Federal Reserve Corrects Technical Error in Bank Merger Notification Rules
Board of Governors of the Federal Reserve System (Federal Reserve)
On March 20, 2026, the Board of Governors of the Federal Reserve System implemented an administrative action which took immediate effect to resolve a decades-old typographical error in the federal code governing public notice requirements for bank and savings association acquisitions.
The regulation is strictly textual, replacing the word "or" with "of" within the specific provisions to clarify the requirement under the Bank Holding Company Act and the Home Owners' Loan Act for applicants to publish acquisition notices in the specific communities where the head offices of the largest subsidiary bank of an applicant are located.
The Board utilized the Administrative Procedure Act’s "good cause" exception to bypass the standard public comment period, determining that soliciting feedback on a technical drafting error was unnecessary.

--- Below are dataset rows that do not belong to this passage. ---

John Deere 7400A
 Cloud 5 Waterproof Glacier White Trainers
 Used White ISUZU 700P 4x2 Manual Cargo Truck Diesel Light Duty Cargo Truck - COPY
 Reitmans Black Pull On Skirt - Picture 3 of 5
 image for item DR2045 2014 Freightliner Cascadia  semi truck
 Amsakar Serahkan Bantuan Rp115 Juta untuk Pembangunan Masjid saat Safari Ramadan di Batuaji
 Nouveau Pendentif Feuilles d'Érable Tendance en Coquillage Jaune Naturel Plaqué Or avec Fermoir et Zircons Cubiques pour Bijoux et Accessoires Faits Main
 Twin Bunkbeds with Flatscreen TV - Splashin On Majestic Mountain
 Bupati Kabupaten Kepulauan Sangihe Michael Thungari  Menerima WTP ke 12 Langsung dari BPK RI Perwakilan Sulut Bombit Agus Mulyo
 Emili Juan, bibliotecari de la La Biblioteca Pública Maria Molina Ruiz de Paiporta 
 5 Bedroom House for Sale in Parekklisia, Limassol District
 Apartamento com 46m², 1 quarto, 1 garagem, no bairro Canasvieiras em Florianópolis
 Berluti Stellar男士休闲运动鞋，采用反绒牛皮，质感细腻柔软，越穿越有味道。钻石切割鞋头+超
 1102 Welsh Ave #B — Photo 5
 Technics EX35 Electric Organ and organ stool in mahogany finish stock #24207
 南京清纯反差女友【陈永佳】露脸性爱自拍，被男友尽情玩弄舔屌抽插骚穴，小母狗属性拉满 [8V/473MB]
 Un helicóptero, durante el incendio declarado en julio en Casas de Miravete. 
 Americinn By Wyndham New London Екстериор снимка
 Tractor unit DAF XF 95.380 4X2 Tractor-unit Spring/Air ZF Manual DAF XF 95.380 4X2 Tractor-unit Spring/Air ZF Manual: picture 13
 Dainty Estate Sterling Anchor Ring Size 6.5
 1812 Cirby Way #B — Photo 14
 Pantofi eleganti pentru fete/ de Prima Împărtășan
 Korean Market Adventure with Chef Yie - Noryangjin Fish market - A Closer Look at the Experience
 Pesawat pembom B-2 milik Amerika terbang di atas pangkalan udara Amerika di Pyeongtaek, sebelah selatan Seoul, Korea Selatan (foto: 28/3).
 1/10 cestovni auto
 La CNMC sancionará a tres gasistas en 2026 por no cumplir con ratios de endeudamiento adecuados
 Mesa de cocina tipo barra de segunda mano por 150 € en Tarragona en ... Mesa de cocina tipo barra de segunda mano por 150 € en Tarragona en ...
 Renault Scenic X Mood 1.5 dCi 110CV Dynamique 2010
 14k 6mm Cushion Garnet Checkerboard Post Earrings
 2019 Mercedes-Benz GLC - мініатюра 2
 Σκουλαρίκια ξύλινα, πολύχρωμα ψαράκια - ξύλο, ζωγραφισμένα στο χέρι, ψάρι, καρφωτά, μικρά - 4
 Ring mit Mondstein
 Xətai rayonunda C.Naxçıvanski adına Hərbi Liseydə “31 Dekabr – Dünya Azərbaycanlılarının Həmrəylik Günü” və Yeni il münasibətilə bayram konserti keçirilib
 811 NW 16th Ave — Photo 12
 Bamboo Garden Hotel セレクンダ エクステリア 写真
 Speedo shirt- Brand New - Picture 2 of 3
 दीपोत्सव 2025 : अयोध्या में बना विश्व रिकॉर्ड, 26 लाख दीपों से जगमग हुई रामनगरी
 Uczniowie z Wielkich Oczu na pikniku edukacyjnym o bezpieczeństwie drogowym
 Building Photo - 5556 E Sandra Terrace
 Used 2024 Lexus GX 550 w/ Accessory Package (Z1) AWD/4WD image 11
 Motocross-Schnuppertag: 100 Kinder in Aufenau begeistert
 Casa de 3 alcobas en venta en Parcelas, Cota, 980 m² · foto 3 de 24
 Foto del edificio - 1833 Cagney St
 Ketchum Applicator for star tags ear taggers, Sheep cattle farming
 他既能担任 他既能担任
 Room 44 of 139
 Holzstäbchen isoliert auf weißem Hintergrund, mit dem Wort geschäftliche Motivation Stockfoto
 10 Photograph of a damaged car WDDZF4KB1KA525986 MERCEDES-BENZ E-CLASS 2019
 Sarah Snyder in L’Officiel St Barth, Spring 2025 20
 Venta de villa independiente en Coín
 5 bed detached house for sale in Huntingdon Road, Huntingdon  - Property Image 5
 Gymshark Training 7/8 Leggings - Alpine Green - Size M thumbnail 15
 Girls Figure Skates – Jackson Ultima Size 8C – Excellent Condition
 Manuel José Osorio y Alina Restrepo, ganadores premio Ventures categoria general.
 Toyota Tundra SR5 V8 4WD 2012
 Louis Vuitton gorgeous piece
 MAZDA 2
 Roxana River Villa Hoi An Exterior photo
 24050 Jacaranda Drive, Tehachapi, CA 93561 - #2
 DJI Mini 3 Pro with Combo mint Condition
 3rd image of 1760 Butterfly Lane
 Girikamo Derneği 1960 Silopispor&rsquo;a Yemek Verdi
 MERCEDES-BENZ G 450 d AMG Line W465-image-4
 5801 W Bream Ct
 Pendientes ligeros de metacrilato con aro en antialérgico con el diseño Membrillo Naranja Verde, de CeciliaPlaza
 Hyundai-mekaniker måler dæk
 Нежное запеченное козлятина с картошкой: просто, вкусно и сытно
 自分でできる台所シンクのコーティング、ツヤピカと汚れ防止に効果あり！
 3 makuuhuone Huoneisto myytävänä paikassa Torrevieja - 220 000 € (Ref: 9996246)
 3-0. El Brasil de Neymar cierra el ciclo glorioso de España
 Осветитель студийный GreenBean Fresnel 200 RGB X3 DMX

This change establishes technical certainty for the primary mechanism through which citizens learn of local bank acquisitions. By refining the geographic requirements for these mandated newspaper publications, the Federal Reserve ensures that community notifications regarding potential branch closures or shifts in lending practices appear in the correct local markets.
For financial institutions, the removal of ambiguous syntax reduces legal friction and compliance uncertainty during the merger application process. The scope of this rule is limited to bank holding companies and savings and loan holding companies submitting specific acquisition and merger applications.
As a purely technical correction, the action does not impose new economic burdens, reporting mandates, or compliance costs. It is entirely exempt from the regulatory flexibility analyses typically required for rules significantly impacting small entities and does not trigger new obligations under the Paperwork Reduction Act.